League of Legends esports is getting big changes in the 2024 season. Looking to start following the action or invest in the scene? Here’s all you need to know ahead of the action.
LCS Changes in 2024
The League of Legends community has been talking (mostly positively) about the changes in the LCS, which include a new competitive format, schedule, and fan engagement opportunities.
The LCS is back on the weekends! The matches will take place at the Riot Games Arena in Los Angeles on Saturdays and Sundays.
All LCS matches will be played on the live game patch, meaning when a new patch drops, the LCS will be a “must-watch” to see pros take on the meta. Pros will no longer need to practice two versions of the game, allowing them to perform optimally on stage.
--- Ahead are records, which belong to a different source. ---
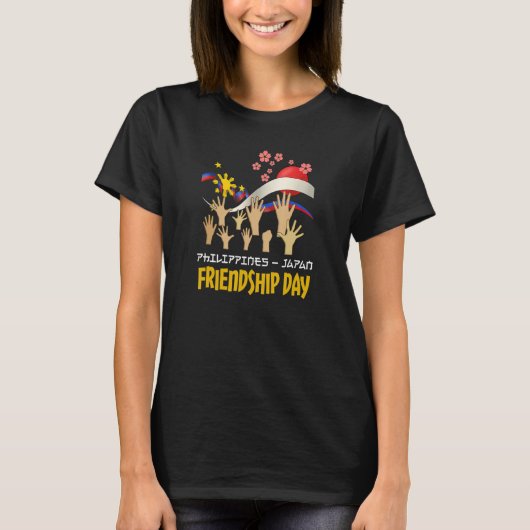 フィリピン日本の日本国旗Fr Tシャツ (正面)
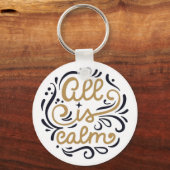Gold All is Calm Typography Kerstfeestdag Sleutelhanger (Voorkant)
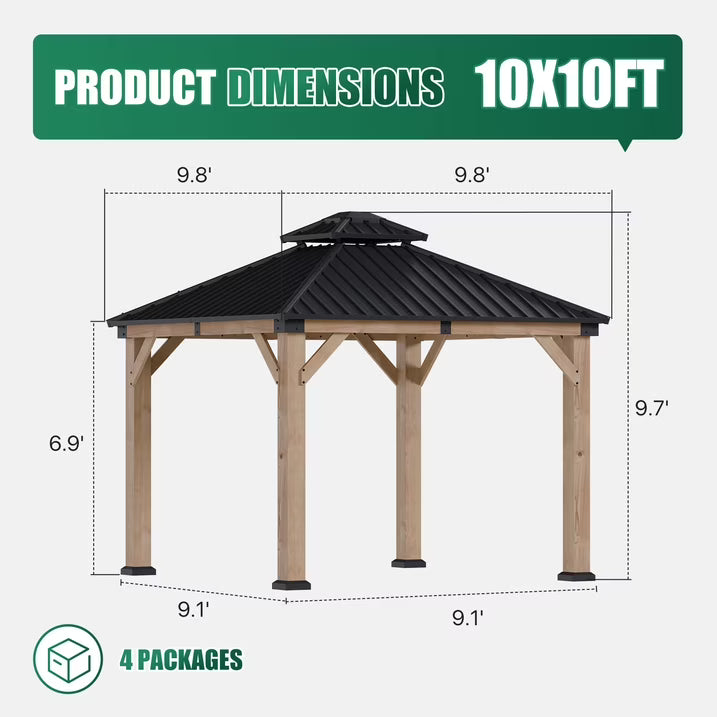 Clouddwell 10*10FT Upgraded Cedar Gazebo,Cedar Hard Roof Gazebo,with Double-Layer Galvanized Steel Roof,Suitable for Backyard,Desk,and Lawn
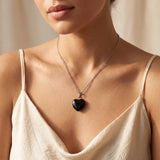 Petit Pendentif Cœur en Pierre Naturelle, Obsidienne Œil Céleste 15 mm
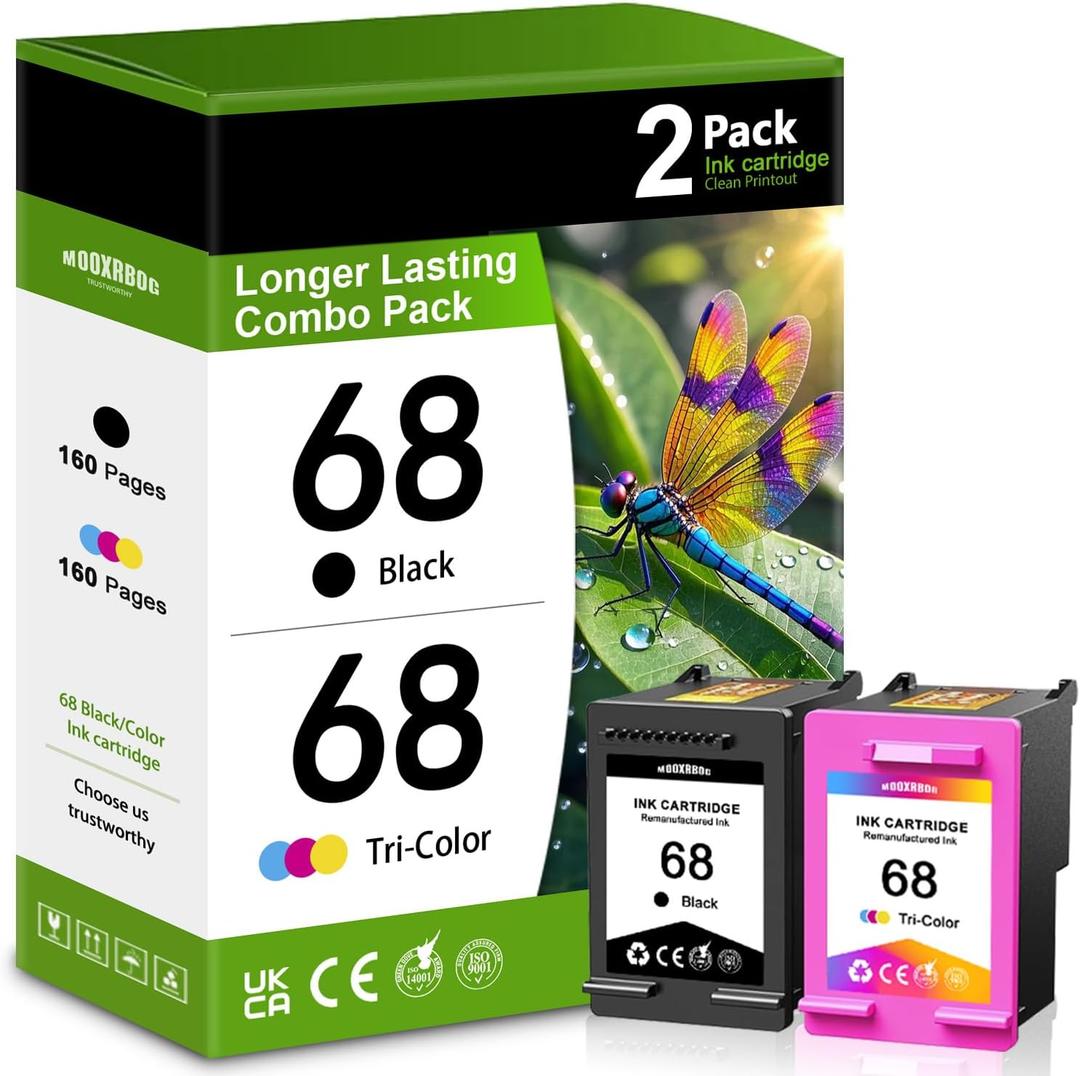 68 Ink Cartridge 2-Pack (1 Black, 1 Tri-Color) Compatible for HP 68 for Envy 6100e, 6500e Series Printers (6152e, 6155e, 6552e, 6555e, 6558e)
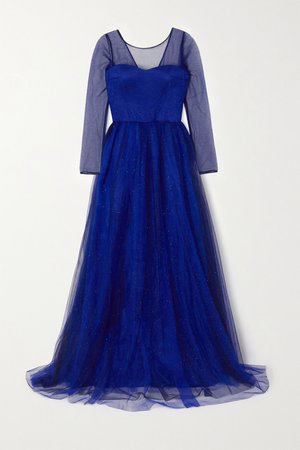 Blue Glittered tulle gown | RASARIO | NET-A-PORTER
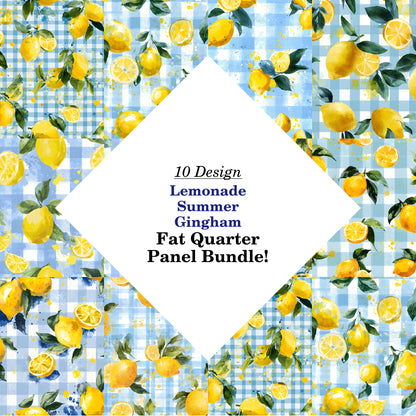 Lemonade Summer Gingham Fat Quarter Bundle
And we all get to see their big brain builds, inspiring our own gameplay.
There will also be reduced match downtime after listening to feedback from fans. This includes pre-recording the drafts for regular season matches so the analyst desk can focus on creating content.
The LCS will also explore different tools that can improve engagement during live broadcasts. This includes polls and predictions, but Riot wants to take it further. Co-streaming is also coming back. This will hopefully bring in a larger North American audience.
LCK & LPL Continue to Dominate
As the two most popular regions in League of Legends esports, there are no changes in 2024 in regards to format or fan engagement. These regions are the most viewed, including drawing in a big international audience.
According to Esports Charts, the grand finals of the LCS Summer Split Finals between T1 and Gen.G generated a peak viewership of 1.53 million. For comparison, the LCS Summer Split grand finals had a viewership of 223,943.
LEC Schedule Changes
In 2024, the LEC will have some schedule changes in hopes of better supporting the teams and their players. There will be an extended break between the Winter and Spring Split and a longer break between the Spring Split and MSI. These breaks will be increased by a week. But there will be a reduced break between the Summer Split and Season Finals.
Added Riot: “We’re putting more emphasis on Summer Split performance this year, with our Summer Champion automatically qualifying for Worlds as the lowest seed. Our Summer 2nd and 3rd placed teams will also qualify for the LEC Season Finals regardless of their CP or past results.”
The LEC has great viewership, with 344,000 people tuning in for the Summer Split. But this is probably because the LEC has been split into three seasons: Winter, Spring, and Summer. Winter had 556,000, and Spring had 572,000. The Finals between G2 and Fnatic had 654,942 peak viewers, proving that their most popular teams continue to pull in viewership from all over the world.
The schedule and fan-focused changes in 2024 will create more engagement in every region, especially the LCS. With so many fans paying closer attention to streams in order to see analyst content and participate in polls, this is the perfect time for investors and sponsors to take a closer look at LCS broadcasting opportunities.